= Barbu Paris Mumuleanu =

Barbu Paris Mumuleanu (1794 – May 21, 1836) was a Wallachian poet.

Born in Slatina, his father was originally from a village and sold trinkets. Initially employed as a logothete to the vistier (treasurer), he later moved to Bucharest. Spending several years there, he worked in the home of kaymakam Constantin Filipescu, who was a connoisseur of European poetry. This is the origin of Mumuleanu's familiarity with the verses of Alphonse de Lamartine, Victor Hugo and Lord Byron. His reading material included Anacreon, Athanasios Christopoulos, the Bible, Ioan Barac, the Văcărescu family poets, Costache Conachi, Hesiod, Homer and Ovid. He knew Greek and probably some French.
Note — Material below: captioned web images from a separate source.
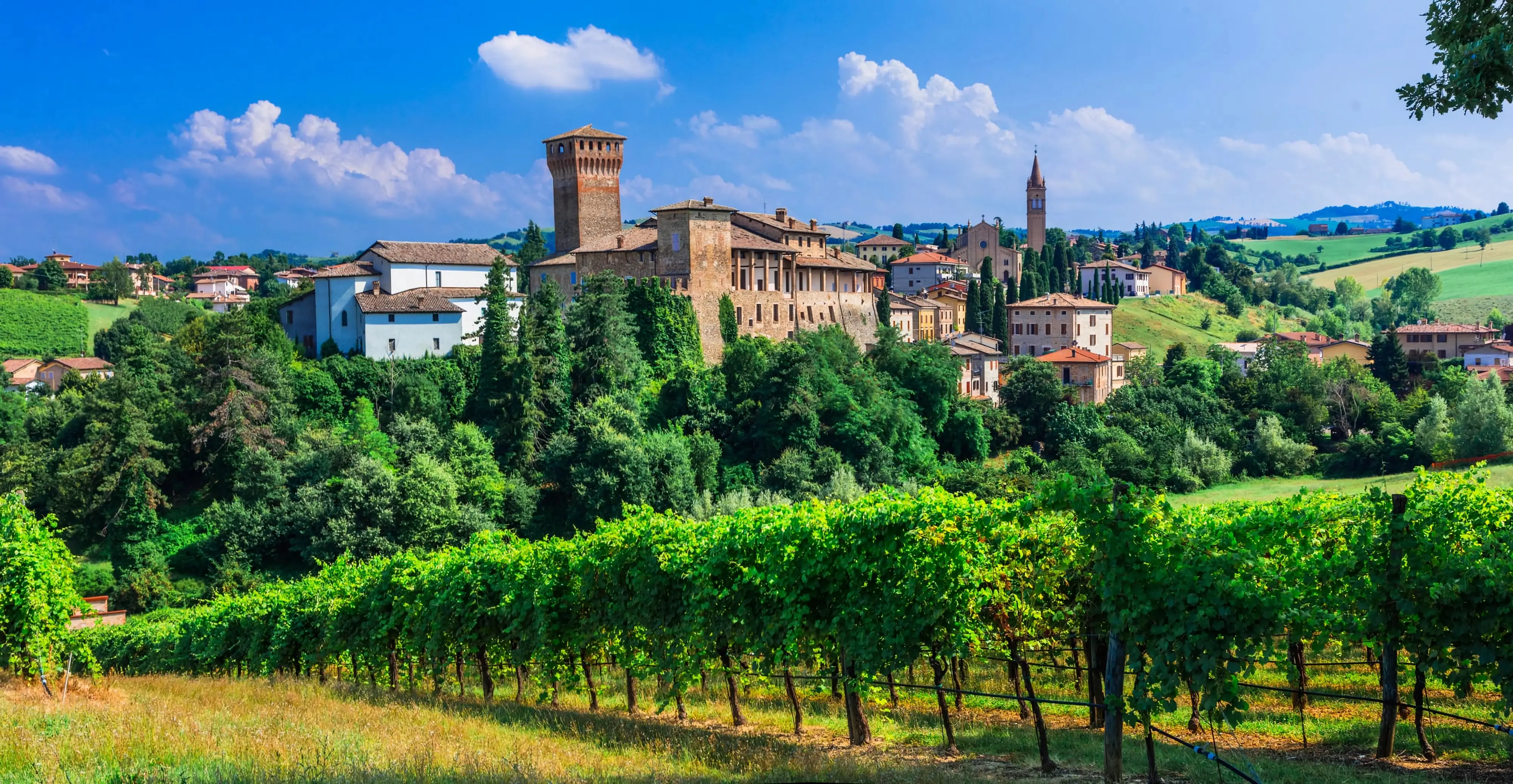 Landscape of Emilia-Romagna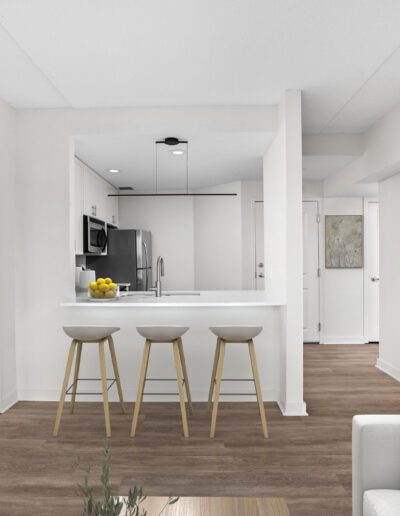 Interior Of Luxury Apartment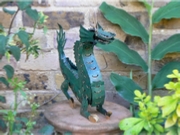 Small Dragon Candle Lantern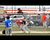 Kingsford's Troy Watt breaks up the no-hitter.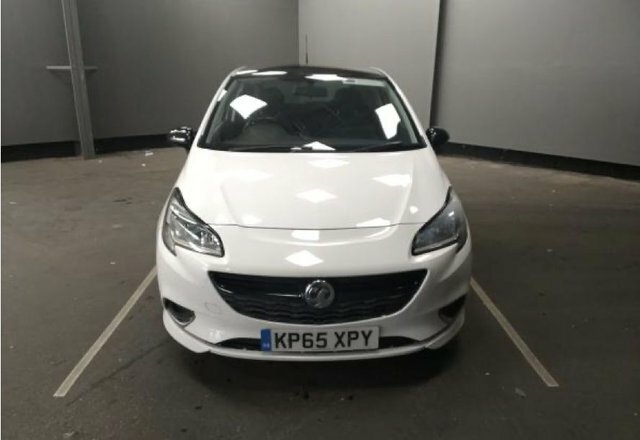 Vauxhall Corsa 1.2I Limited Edition Hatchback E KP65XPY White #2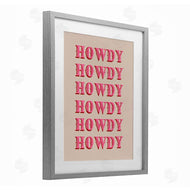 CAD Designs | Howdy Pink Typography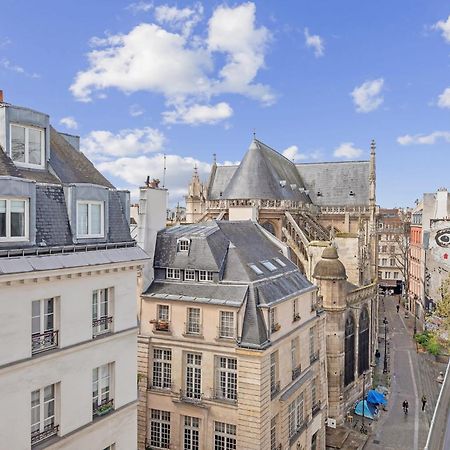 Pompidou & Hotel De Ville - Cityapartmentstay 巴黎 外观 照片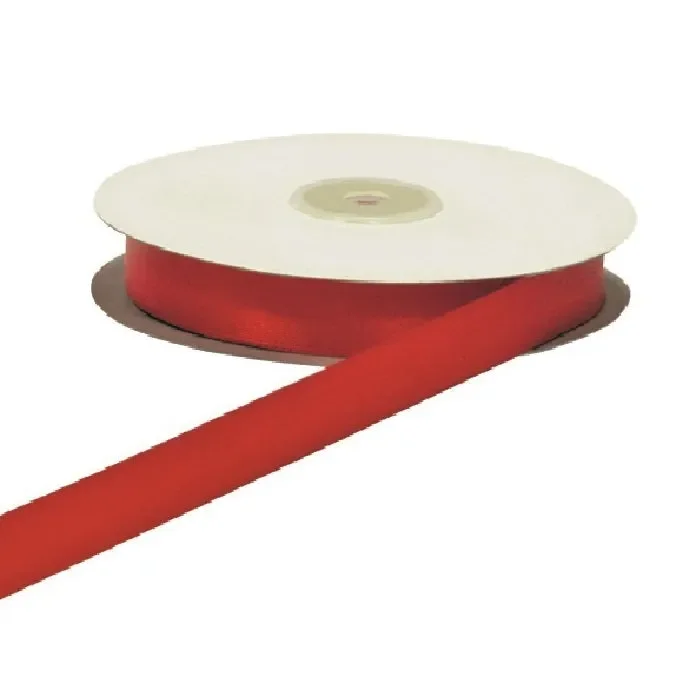 ETM Nastro Doppio Raso 25 Mm 50 Mt Rosso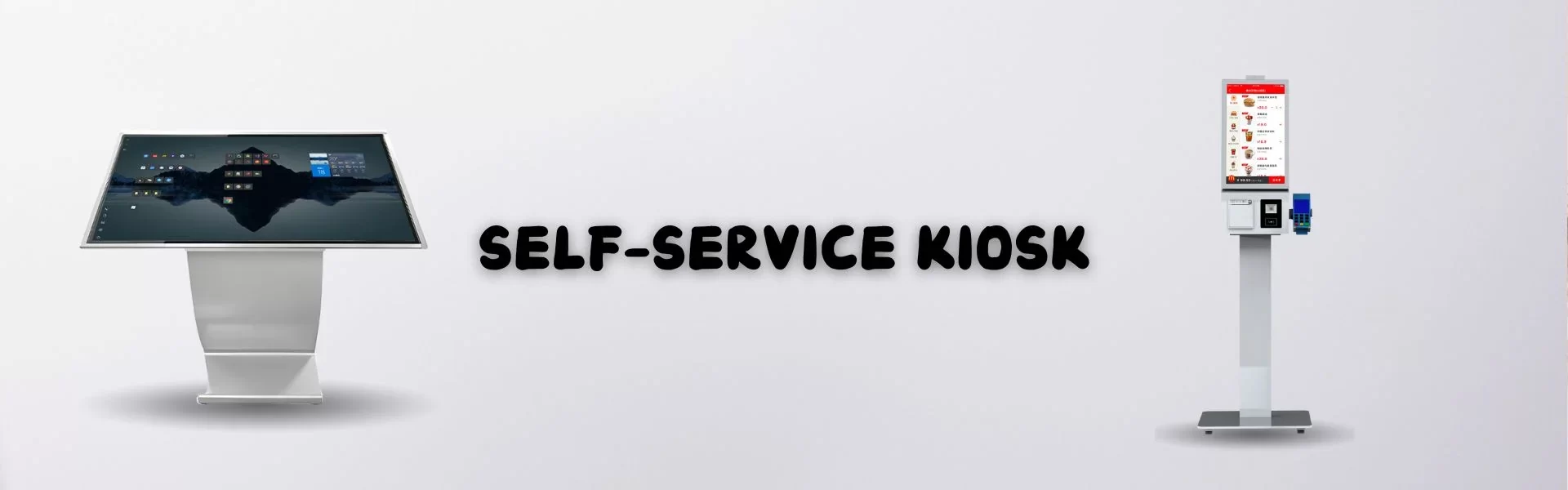 Self Service Kiosk Tacteasy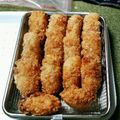 mebunya's cooksnap of when they made かにクリームコロッケ.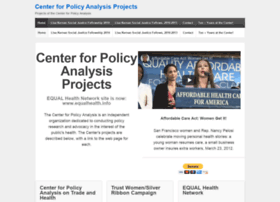 centerforpolicyanalysis.org
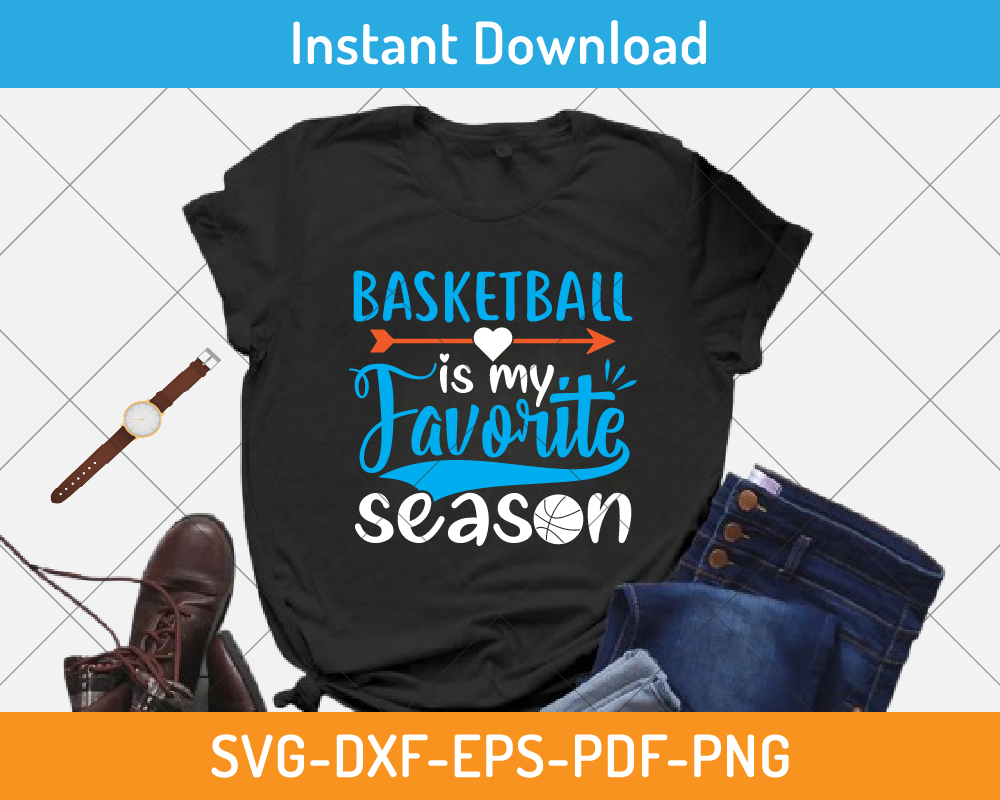 basketball season svg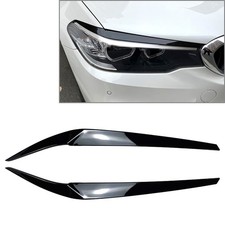 Frontscheinwerfer Augenbrauen Augenlid Abdeckleiste für BMW 5er G30 G31 G38 F90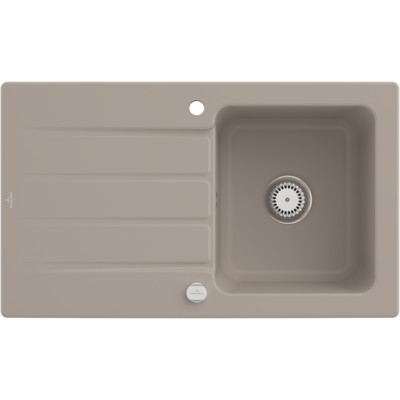 Villeroy & Boch Architectura Metallrand Spüle - Reversibel Villeroy & Boch Architectura Metallrand Spüle - Reversibel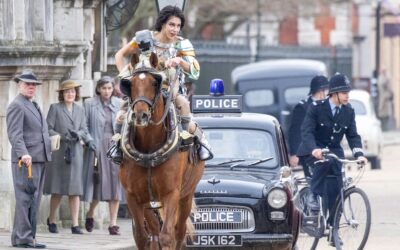 Jadis Chase Continues in January Cold as Netflix's 'Narnia' Resumes Public Filming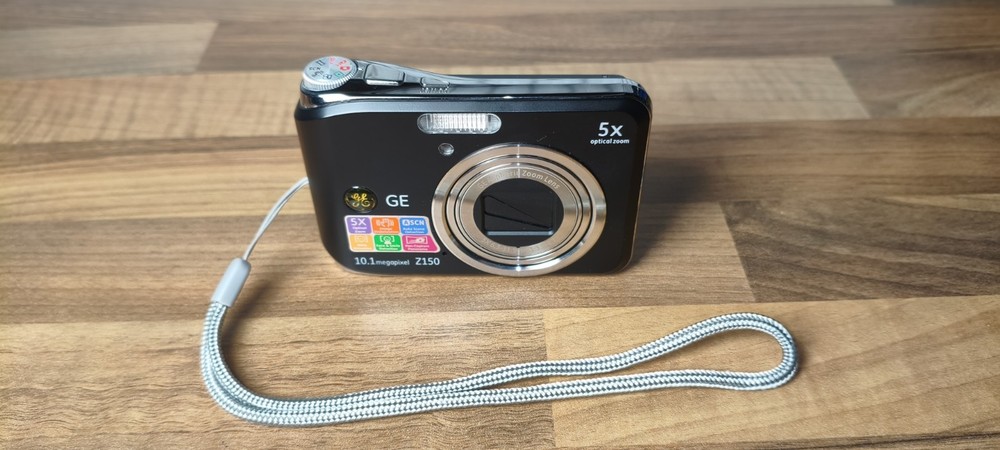 Digital Camera General Imaging GE Z150 10.1 Megapixel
Mumuleanu made his published debut with Rost de poezii adecă stihuri, an 1820 book of poetry. Two others followed in 1825: Caracteruri and Plângerea și tânguirea Valahiei asupra nemulțemirii streinilor ce au derăpănat-o. These were accompanied by prefaces that advocated a national culture. Aesthetically, his works combine classical forms with Romantic inspiration. Most of his poems are erotic and bacchic in the style of Anacreon; two exceptions are an ode for the opening of Gheorghe Lazăr's school and a vaguely Voltairean ode to mankind. He was married and had at least three children; at the time of his death, Mumuleanu lived in Bucharest's Batiște district.